Lutnick slapped sweeping export controls on Anthropic after Amazon raised jailbreaking concerns, and the company failed to respond seriously, according to the administration.
It's not clear how exactly those concerns were addressed.
There's more regulatory uncertainty ahead, as an August deadline looms for implementation of a cybersecurity executive order. The order calls for federal agencies to create a formal process for assessing AI models' cyber capabilities.
Anthropic has been in discussions with government officials about a formalized policy framework to address national security concerns before models are released, a source familiar with the talks said.
Posted by John3262005
3 Comments
Relevant for the discussion around the US and its relationship regarding AI
Since OpenAI is getting limited release, now Anthropic is getting it too
According to other articles, this is a partially lift of the US ban so that is something
Though in the long run, I don’t know
I wonder if they fixed the problems bought up by Amazon, if they ever did. Or just another way of the Trump administration control on things
The “risks” were always an excuse, what Amazon showed wasn’t a “jailbreak”, companies are just tripping over their shoelaces to suck up to the King.
Supporters of open models models over closed models are being vindicated, and I’m sure the EU is taking note and realizing they can’t depend on American AI companies. Right now the NSA and Friends Of The Trump Admin have full access to Mythos while European governments and companies don’t.

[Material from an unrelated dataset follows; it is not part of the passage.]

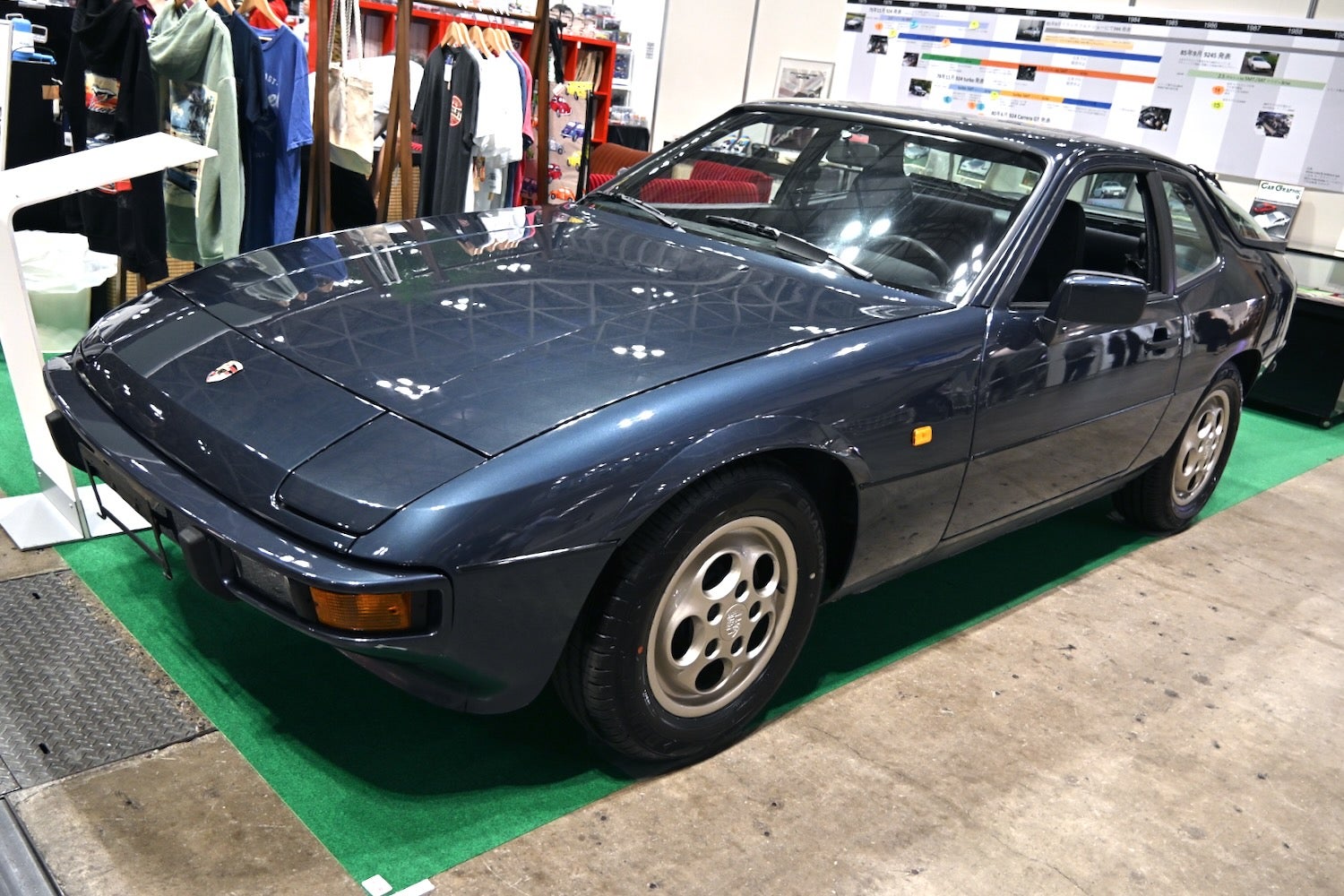 ポルシェ 924S｜Porsche 924 S（1987）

The AI boom is over and it’s the AI companies own fault. They wanted to fear monger about AI capabilities to get the government to implement regulations that would pull the ladder up and insulate them from competition and are now surprised the government is taking them seriously. The end result is in order to do business they’ve given the executive branch the power to destroy their businesses at any time. All a future anti-AI administration (which is likely given how negative public sentiment is on the technology) needs to do is invoke national security and restrict their customers to just the US government; even if they challenge the decision in court their chances of getting an injunction is slim to none and can a company possibly survive if it’s not allowed to sell products while a multi year law suit is in ongoing? Even for the remainder of this administration this sharply limits the market for their most advanced products, and that makes the ROI on developing new models significantly worse. How is any investor supposed to be comfortable investing the amount of capital these companies require going forward when the government can destroy them with the stroke of a pen? How can a company expect a good IPO under these circumstances?